__What needs to be done__: In the data below, find the line containing "CHANDELIER MODEL NO. 4577", then set down that line and every later line up to and including the line containing "فن کیس دیپ کول مدل XFAN 120 ایتوک", exactly.

__Short web captions__:
____________

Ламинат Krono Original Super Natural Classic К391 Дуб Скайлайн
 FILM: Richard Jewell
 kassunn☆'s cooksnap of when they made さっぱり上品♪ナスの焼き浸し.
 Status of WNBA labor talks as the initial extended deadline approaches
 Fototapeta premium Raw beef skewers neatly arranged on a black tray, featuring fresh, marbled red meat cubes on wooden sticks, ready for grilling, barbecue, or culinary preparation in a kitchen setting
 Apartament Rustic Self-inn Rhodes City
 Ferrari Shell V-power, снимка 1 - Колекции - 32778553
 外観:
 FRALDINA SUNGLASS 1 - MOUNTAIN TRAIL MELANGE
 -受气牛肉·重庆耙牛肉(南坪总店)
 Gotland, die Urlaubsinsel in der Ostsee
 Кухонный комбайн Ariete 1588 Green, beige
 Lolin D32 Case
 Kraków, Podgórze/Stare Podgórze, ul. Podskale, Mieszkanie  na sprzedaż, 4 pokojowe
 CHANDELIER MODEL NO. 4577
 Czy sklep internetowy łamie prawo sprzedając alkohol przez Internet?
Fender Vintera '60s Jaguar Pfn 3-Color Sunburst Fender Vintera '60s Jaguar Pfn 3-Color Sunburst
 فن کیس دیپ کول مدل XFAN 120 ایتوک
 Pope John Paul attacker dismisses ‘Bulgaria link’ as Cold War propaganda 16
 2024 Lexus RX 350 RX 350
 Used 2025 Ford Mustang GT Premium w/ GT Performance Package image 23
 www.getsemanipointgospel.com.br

____________

__Exercise answer__:
 CHANDELIER MODEL NO. 4577
 Czy sklep internetowy łamie prawo sprzedając alkohol przez Internet?
Fender Vintera '60s Jaguar Pfn 3-Color Sunburst Fender Vintera '60s Jaguar Pfn 3-Color Sunburst
 فن کیس دیپ کول مدل XFAN 120 ایتوک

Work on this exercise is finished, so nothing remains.